(Lucky’s Last Chance)
By Leo Dillinger
Photography by Alexa Nahas Photography
What separates ordinary bartenders from the extraordinary? Is it the perfect pour of a craft beer or a flawlessly constructed cocktail? For Chris Pelusi of Lucky’s Last Chance, it all comes down to patron engagement.
Chris immediately gets his customers’ attention as soon as they enter the bar. And if his physical presence doesn’t capture the customer at first, his larger-than-life personality is bound to get the job done.
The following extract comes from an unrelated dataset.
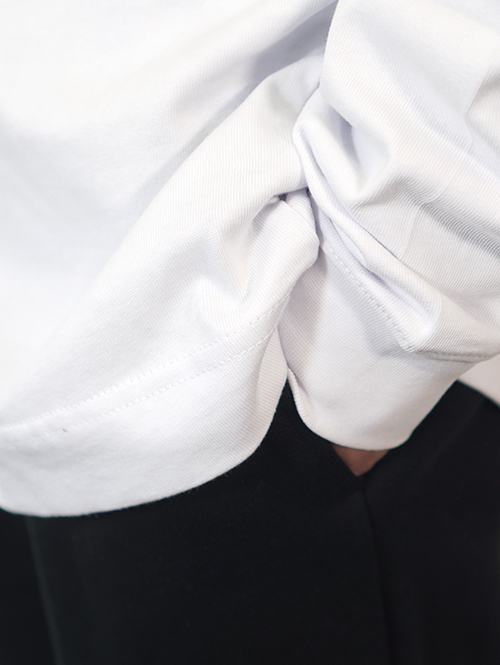 Rue Porter LUXURY LONG SLEEVE  T  - White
From greeting new customers with a warm welcome to messing around with his regulars, Chris is truly worth the price of admission.
“Something I always teach our new bartenders is ‘Eyes Up Bartending,’” Chris said. “Whenever you go to a bar and your server’s eyes are down, they’re not focusing on the customers. It’s just about acknowledging your customer and letting them know you know they are there, even if you’re busy. That’s definitely how you get a repeat customer.”
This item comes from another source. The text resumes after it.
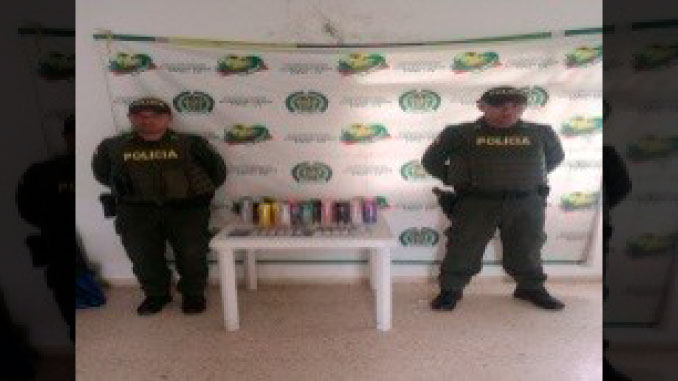 Policía incautó 40 lociones en Turbo que, al parecer, eran de contrabando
Chris started his bartending career eight years ago, one year before Yunkers Pub changed hands to become Lucky’s Last Chance. At the time, Chris had just left his role as a drummer in a traveling band and was looking to take on a couple of nights each week to earn some supplemental income.
Once Lucky’s Last Chance owner, Chris Barnes, and his partners bought the business and began the transition, they decided to keep Chris on the team. Since then, Chris has served thousands of customers, eventually became a manager, and has grown with the business ever since.
“To me, what makes Chris so great is that he’s able to relate to everyone who walks through that door. He treats them like family walking into his house,” owner Chris Barnes said. “We wouldn’t be in the position we’re in today without having Chris on our team. He really sets the tone for everyone on the staff.”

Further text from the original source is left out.